▶ [TASK OBJECTIVE] From the entries below, transcribe exactly the lines between the line holding "2025 Jeep Grand Cherokee L Summit" and the line holding "Star Wars: Legion", inclusive; skip all other lines.

▶ [SUPPLIED DATA]
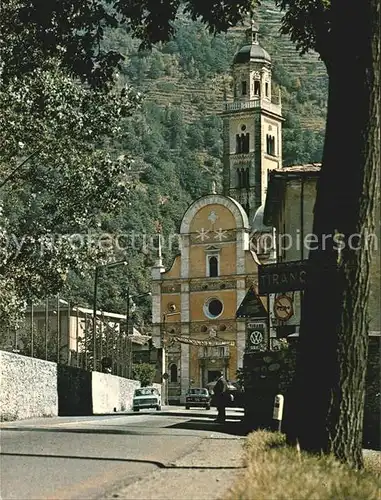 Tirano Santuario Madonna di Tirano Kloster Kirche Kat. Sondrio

* * *

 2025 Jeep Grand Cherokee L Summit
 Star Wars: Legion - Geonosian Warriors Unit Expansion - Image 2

▶ [SOLUTION FOR THIS PROBLEM]
 2025 Jeep Grand Cherokee L Summit
 Star Wars: Legion - Geonosian Warriors Unit Expansion - Image 2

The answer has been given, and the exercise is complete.